Un fil de lumière dans la fissure de mur
L’image chérie de ma mère
À tous toujours quelqu’un manque
Pourquoi la poésie est-elle importante ?
Artiste, la poésie a toujours été la source de mon inspiration. Les poètes nous procurent un point d’ancrage pour rêver, en ouvrant votre cœur et vos sentiments avec l’intention qui puise profondément dans l’attention pour voir depuis le moi intérieur… notre fragilité et nos forces.
La poésie nous offre l’expérience de voir directement dans la nature des choses avec l’innocence de l’émerveillement. Elle seule nous donne une vision qui permet à chacun d’avoir ses perceptions propres, tirées de ses expériences personnelles, et nous encourage à révéler nos sentiments qui donnent du sens à notre monde, même s’il s’agit de souffrances ou de capitulation, de joie ou d’élation.

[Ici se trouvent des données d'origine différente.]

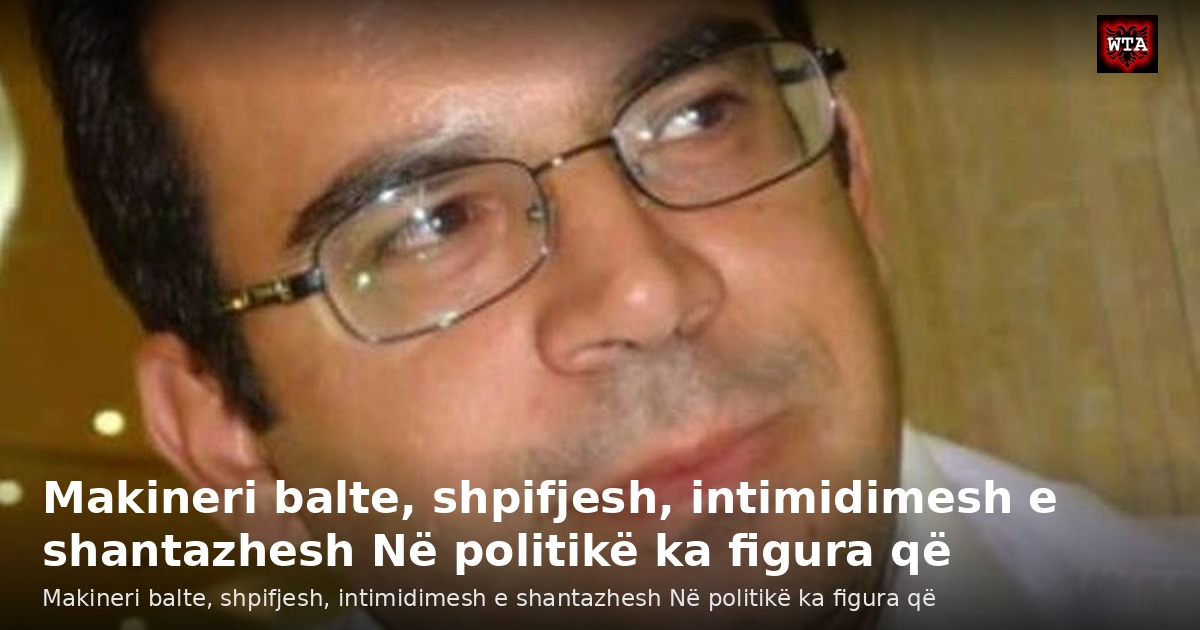 Makineri balte, shpifjesh, intimidimesh e shantazhesh Në politikë ka figura që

Carl Jung a dit qu’on reçoit souvent des messages quant à la façon de penser et d’agir. La poésie est ouverte, un saut hors des pensées ordinaires qui vous plonge dans des alternatives qui ouvrent l’âme et vous inspirent à oser des domaines jamais imaginés auparavant. Des domaines inexplicables qu’on a tous expérimentés au travers des lignes d’un poème.
Artiste, mes sources ont toujours cherché à dépasser ce moi, arrivé à une humanité qui encourage des valeurs spirituelles de connexion avec les forces cosmiques de vie et les changements d’atmosphère dans la nature et de l’homme comme cocréateurs.
La liberté d’exprimer ce que nous sommes en tant qu’esprits de réflexion.
J’admire les poèmes qui ont une qualité visuelle, qui décrivent la nature, où l’on crée des tableaux mentalement qui sont spécifiques à nos visions.
Mon travail s’efforce de créer des poèmes visuels où l’imagination engendre la danse dans des mouvements uniques, spécifiques. Je dis souvent à mes élèves dans mes cours : regardez par la fenêtre et admirez ce soleil qui brille après une longue nuit d’hiver, une feuille qui tombe au ralenti d’un arbre.
La beauté décrite dans un poème procure l’énergie d’un corps qui découvre des aperçus de l’âme spatiale à travers la nature.
Le mystère de l’inconnu peut être révélé dans un poème qui explore la mémoire jusqu’à des dimensions de nouvelles propositions d’illumination.
Je cite une phrase de Jorge Luis Borges tirée de L’art de poésie :
« Parfois le soir, un visage
Qui nous contemple des profondeurs d’un miroir
L’art doit être de la même nature que ce miroir
En montrant à chacun de nous notre visage. »
Mes créations, dans lesquelles la danse est une poésie visuelle, ont été accueillies avec une appréciation en profondeur qui a grandement marqué la génération suivante, qui a adopté une analyse où les perceptions visuelles et les émotions laissent chaque spectateur avoir sa propre opinion.
La musique de la poésie par la langue et la danse a toujours été décisive dans la façon dont on préfère concevoir l’art, une peinture, une sculpture, un poème, une danse, un arbre, un oiseau en vol, sont des millions de façons de voir le monde comme il est dans notre propre esprit.
Je considère chacun comme poète du cœur.
Derrière chaque visage
Un gardien du silence
Se salue
in le soi et le rien, Carolyn Carlson, Actes Sud, 2001.